*Exercise:* With the pictures left out, repeat every entry that follows exactly.

*** Opening Records to process ***

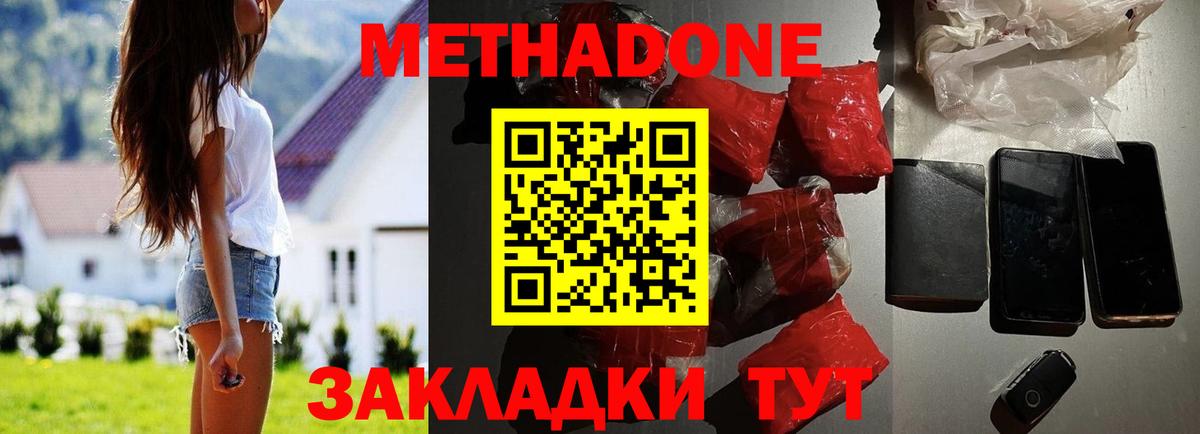 Элиста  Метадон methadone  shop формула  Вход с VPN  mega вход 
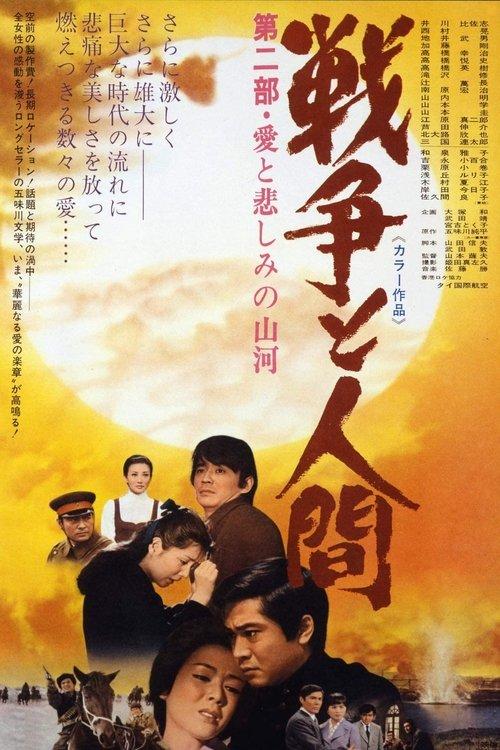 Men and War II: Land of Love and Sorrow 1971 official movie poster
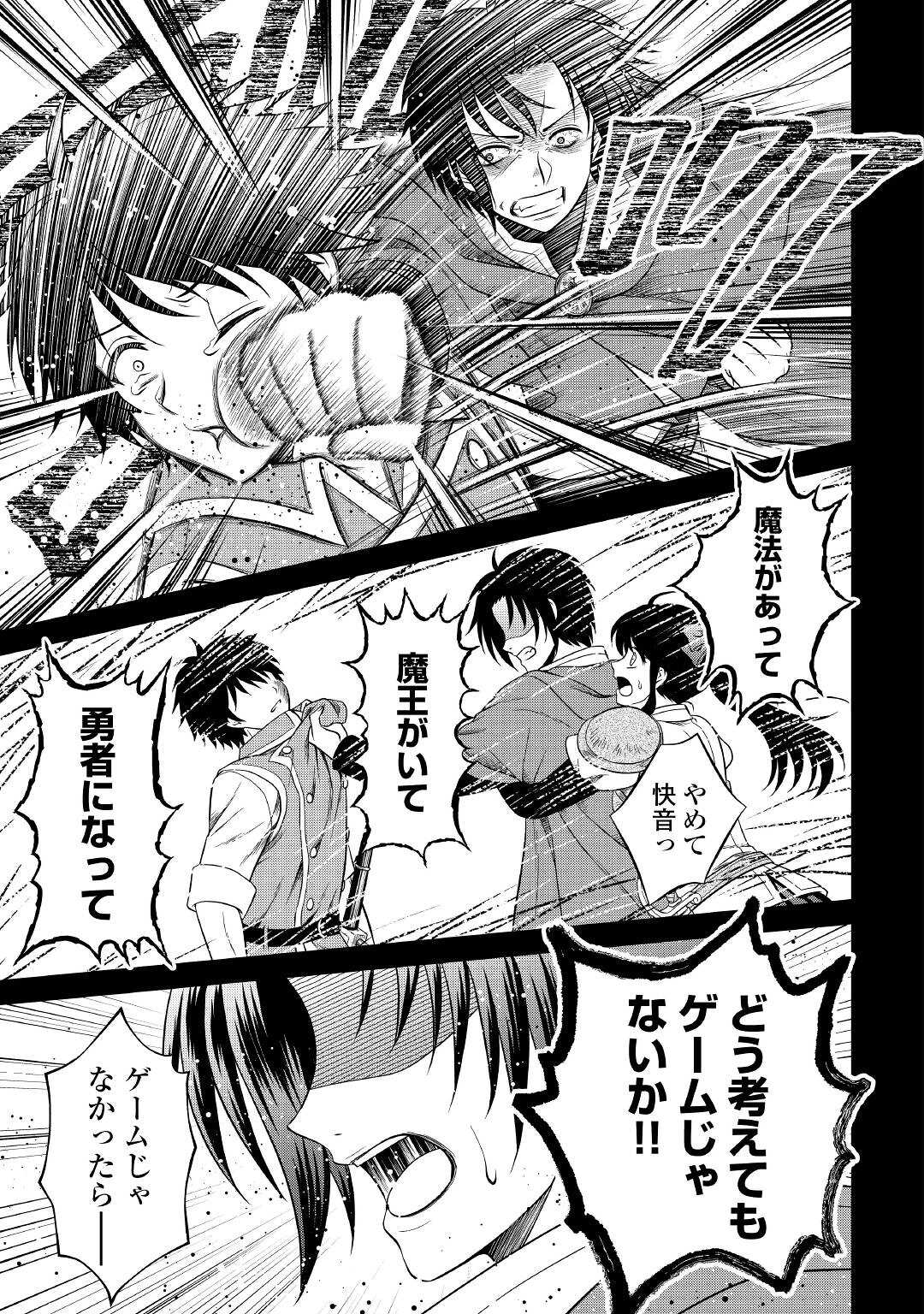 SAIKYOU F RANK BOUKENSHA NO KIMAMANA HENKYOU SEIKATSU? (MANGA) - raw - Chapter 15 - https://jpdd.ccdd.to/JPDD/saikyoufrankboukenshanokimamanahenkyouseikatsumanga/202595/d1ve3c5od0g.jpg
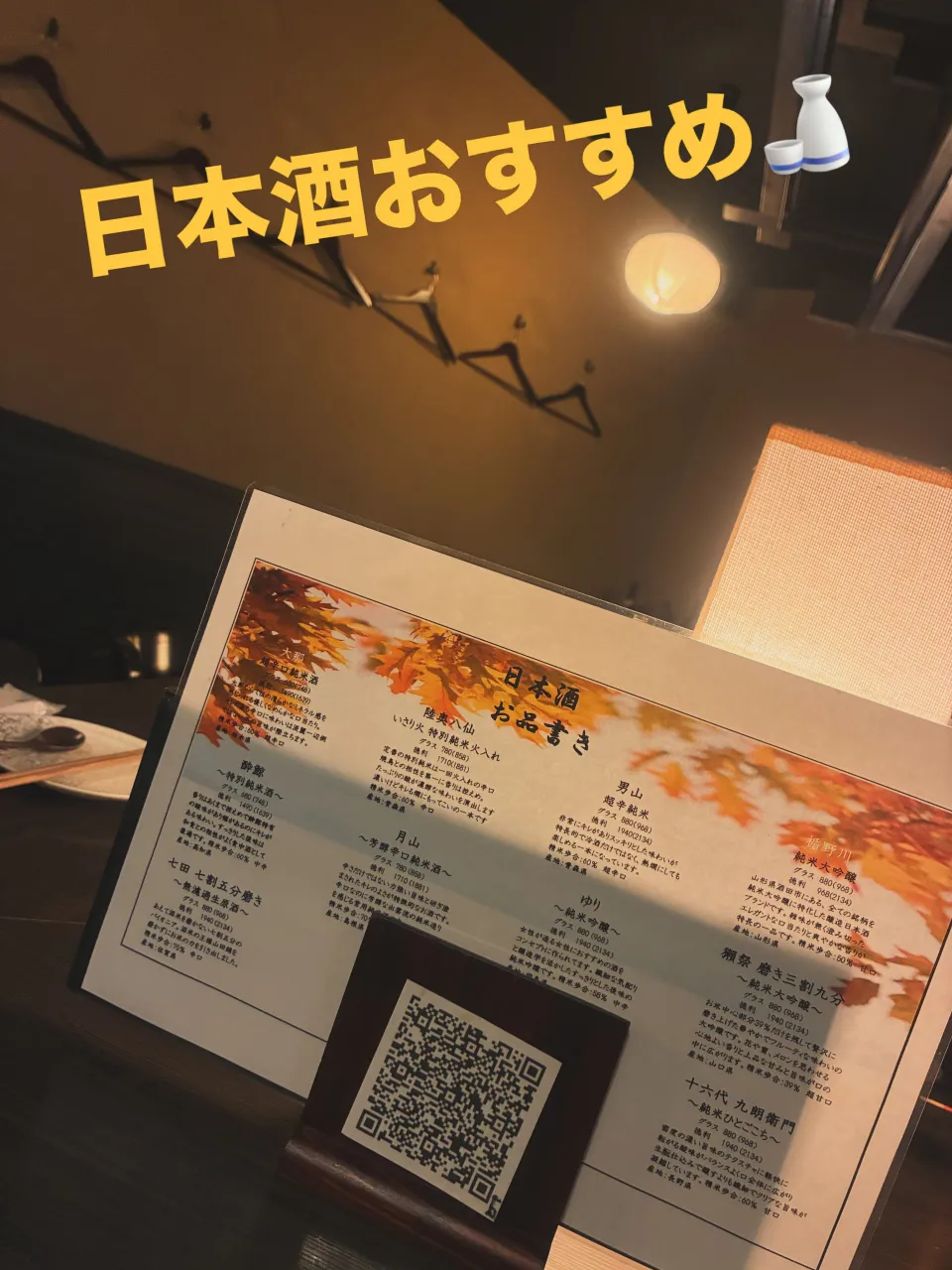 こんばんは🌇2代目炭火焼鳥いっぷくです🎌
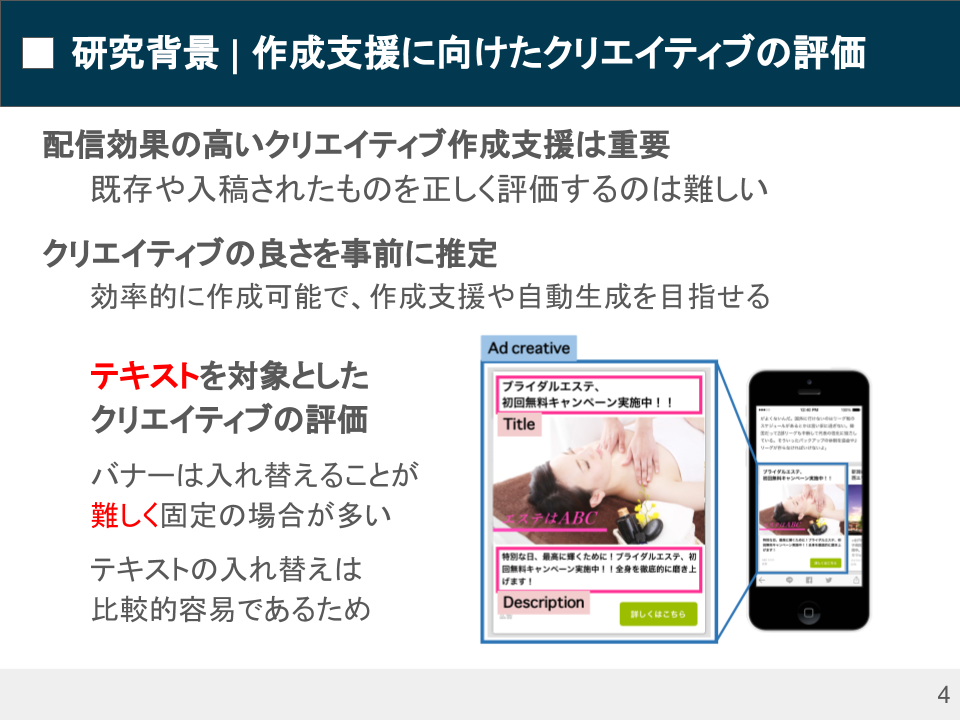 f:id:Y_sekky:20190403175714p:plain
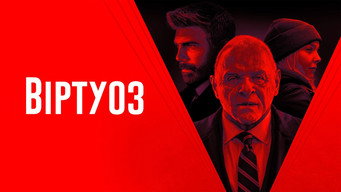 #17 Віртуоз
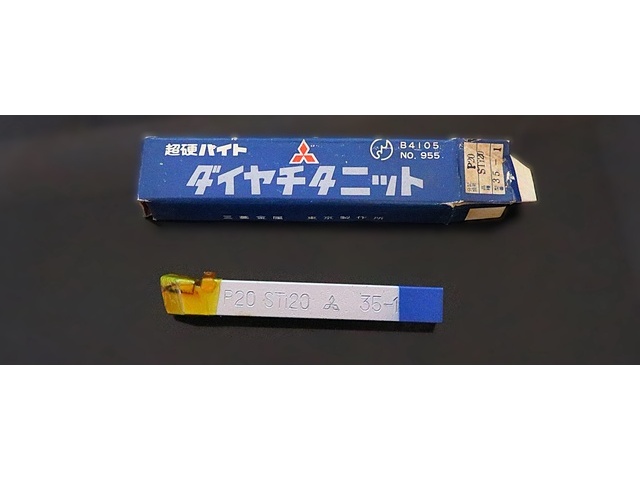 MITSUBISHI MATERIALS P20 STI20 35-1 未使用 Bite Image 1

*** Closing Records to process ***

*Result of this exercise:*
 Элиста  Метадон methadone  shop формула  Вход с VPN  mega вход 
 Men and War II: Land of Love and Sorrow 1971 official movie poster
 SAIKYOU F RANK BOUKENSHA NO KIMAMANA HENKYOU SEIKATSU? (MANGA) - raw - Chapter 15 - https://jpdd.ccdd.to/JPDD/saikyoufrankboukenshanokimamanahenkyouseikatsumanga/202595/d1ve3c5od0g.jpg
 こんばんは🌇2代目炭火焼鳥いっぷくです🎌
 f:id:Y_sekky:20190403175714p:plain
 #17 Віртуоз
 MITSUBISHI MATERIALS P20 STI20 35-1 未使用 Bite Image 1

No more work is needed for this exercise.